1. Mars Petcare US (October 2016)

Mars PetCare US voluntarily recalled some of their Cesar Classics wet dog food due to plastic fragment that could be present in their filet mignon flavor. Products affected could have been bought as single units or in a variety pack.

The products affected have “best before” dates of August 4 and August 5, 2018. If you bought a variety pack carrying product codes 632D14JC, 633B24JC, 634A14JC, 634A24JC, 634B14JC, 634B24JC, 634E14JC, 635A24JC, 635B14JC, 636D24JC or 636E14JC do not use the food. It could contain hard plastic that might present a choking hazard. If you return it to the retailer, you will be given a refund.

Questions or concerns can be directed to Mars PetCare US at 800-421-6456.

2. Addiction New Zealand Venison & Apples Canned Dog Food Entrée (September 2016)

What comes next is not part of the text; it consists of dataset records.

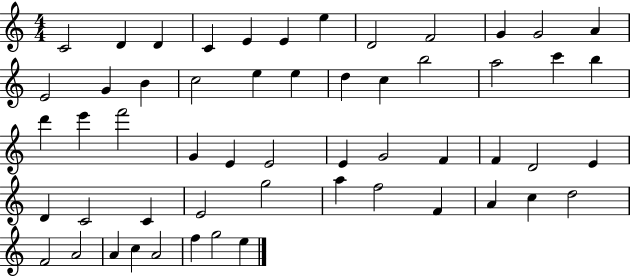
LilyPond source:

{
  \clef treble
  \numericTimeSignature
  \time 4/4
  \key c \major
  c'2 d'4 d'4 | c'4 e'4 e'4 e''4 | d'2 f'2 | g'4 g'2 a'4 | \break e'2 g'4 b'4 | c''2 e''4 e''4 | d''4 c''4 b''2 | a''2 c'''4 b''4 | \break d'''4 e'''4 f'''2 | g'4 e'4 e'2 | e'4 g'2 f'4 | f'4 d'2 e'4 | \break d'4 c'2 c'4 | e'2 g''2 | a''4 f''2 f'4 | a'4 c''4 d''2 | \break f'2 a'2 | a'4 c''4 a'2 | f''4 g''2 e''4 | \bar "|."
} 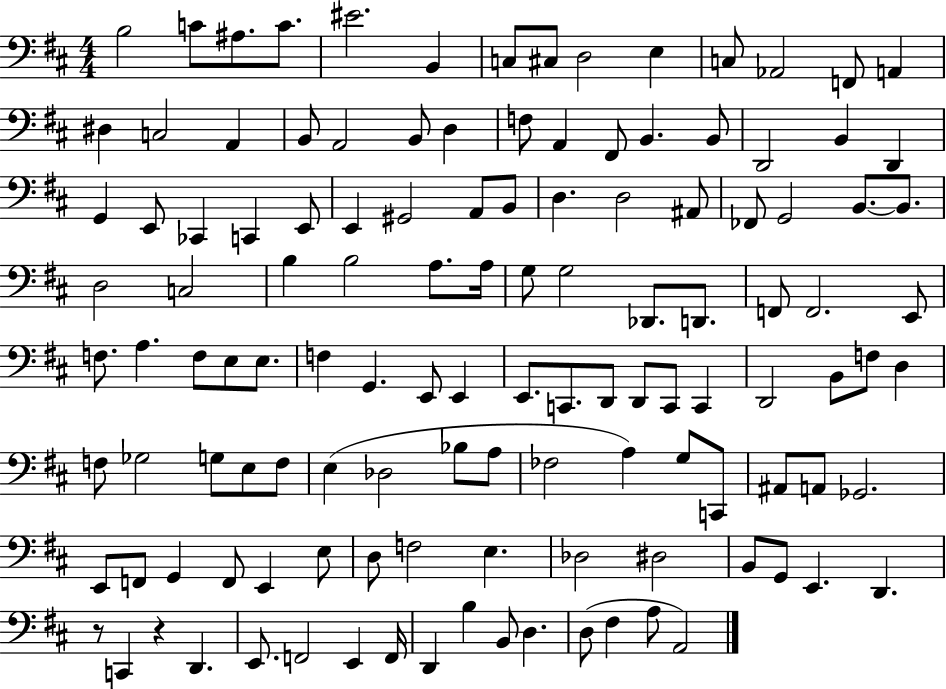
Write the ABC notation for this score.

X:1
T:Untitled
M:4/4
L:1/4
K:D
B,2 C/2 ^A,/2 C/2 ^E2 B,, C,/2 ^C,/2 D,2 E, C,/2 _A,,2 F,,/2 A,, ^D, C,2 A,, B,,/2 A,,2 B,,/2 D, F,/2 A,, ^F,,/2 B,, B,,/2 D,,2 B,, D,, G,, E,,/2 _C,, C,, E,,/2 E,, ^G,,2 A,,/2 B,,/2 D, D,2 ^A,,/2 _F,,/2 G,,2 B,,/2 B,,/2 D,2 C,2 B, B,2 A,/2 A,/4 G,/2 G,2 _D,,/2 D,,/2 F,,/2 F,,2 E,,/2 F,/2 A, F,/2 E,/2 E,/2 F, G,, E,,/2 E,, E,,/2 C,,/2 D,,/2 D,,/2 C,,/2 C,, D,,2 B,,/2 F,/2 D, F,/2 _G,2 G,/2 E,/2 F,/2 E, _D,2 _B,/2 A,/2 _F,2 A, G,/2 C,,/2 ^A,,/2 A,,/2 _G,,2 E,,/2 F,,/2 G,, F,,/2 E,, E,/2 D,/2 F,2 E, _D,2 ^D,2 B,,/2 G,,/2 E,, D,, z/2 C,, z D,, E,,/2 F,,2 E,, F,,/4 D,, B, B,,/2 D, D,/2 ^F, A,/2 A,,2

This recall affects the 13.8 ounce size bearing the UPC code8 885004 070462 with the lot number 8936:01Dec2018 and an expiration date of December 2018. The reason for the recall is an excess of Vitamin A combined with inconsistency in the ratio of calcium to phosphorus.

Too much Vitamin A over a long period can adversely affect the health of young animals. There were no problems reported, but Addiction Foods has chosen to err on the side of caution.

You can return any unopened cans to the retailer for a refund. Questions can be directed to Addiction Foods by calling 425-251-0330 or by emailing [email protected].

3. Blue Buffalo Life Protection Formula (June 2016)

Blue Buffalo recalled some of their Life Protection Formula dog food offerings because of excessive moisture which could result in mold. The product affected is the Life Protection Formula Fish and Sweet Potato Recipe for Dogs in the 30-pound size, carrying the product code 8596100032, lot code AH 2A 1208-1400 and a “best before” date of April 11, 2017.

Although Blue Buffalo has not received any reports of dogs getting sick because of this product, they do ask that their customers top feeding the product, and bring whatever remains back to the retailer for a full refund.

Questions can be directed to Blue Buffalo by phoning 1-800-919-2833.

4. SmallBatch Pets Frozen Duckbatch Sliders (March 2016)

SmallBatch Pets Inc. issued a voluntary recall of their Frozen Dog Duckbatch Sliders due to possible listeria monocytogenes and salmonella contamination. The company issued the recall after an FDA test of a 3-pound bag tested positive for contamination. If you live in California, Colorado, Oregon or Washington, and bought the product between February 23 and March 10, you could be affected. Check the packaging for product code 713757339001 and lot number CO27.

Listeria monocytogenes can lead to serious infections in anyone who has a weakened immune system, like young children or the elderly. It can also lead to miscarriage or stillbirth if contracted by pregnant women.

If you have this product, stop feeding it and return whatever remains to the retailer for a refund, or destroy it.

You can get more information by calling SmallBatch Pets Inc. or emailing [email protected].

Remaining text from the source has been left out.